Même s’il n’est pas technicien, Maurice Page a tout de même dû superviser les commandes de matériel, la réception et le montage des installations de la radio «Duji lokar», qui n’était qu’un projet à son arrivée à Moundou. Il s’est occupé de la gestion quotidienne de la radio, de la formation des journalistes qui avaient déjà les notions de base du métier. Ils avaient fait des stages à l’antenne régionale de la Radio nationale tchadienne ou à la Radio rurale. Le rédacteur en chef possède par contre une licence en communication de l’Université de N’Djaména. La radio «Duji lokar» fait partie intégrante du Bureau d’Etudes et de Liaison d’Action Caritative et de Développement (BELACD), la Caritas du diocèse.

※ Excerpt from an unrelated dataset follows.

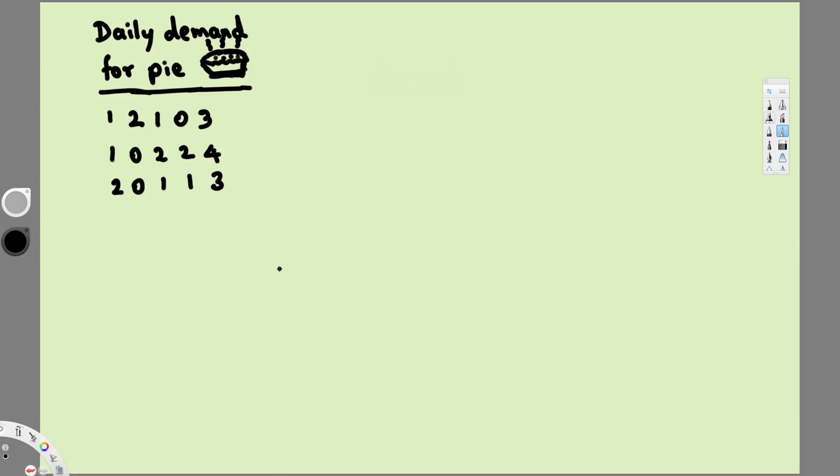What's going on guys, in this video we are going to see how to make a frequency distribution chart. Now let's look at an example. Here we have the daily demand for pie and here we have the list of demands.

S’il n’apparaissait pas, en principe, sur les ondes des émissions en français et en ngambay, Maurice Page était toutefois responsable de deux petites émissions hebdomadaires: «Ils ont marché dans la lumière» (15 minutes sur la vie des saints), et «Religion hebdos», réalisée surtout grâce aux sources de l’Apic. Sa tâche essentielle concernait l’encadrement et la direction de la rédaction, la supervision de la technique et l’administration. Pour des raisons de pénurie d’énergie, «Duji lokar» – qui atteint également la brousse environnante sur une cinquantaine de kilomètres – ne fonctionne que l’après-midi de 16h à 20h45.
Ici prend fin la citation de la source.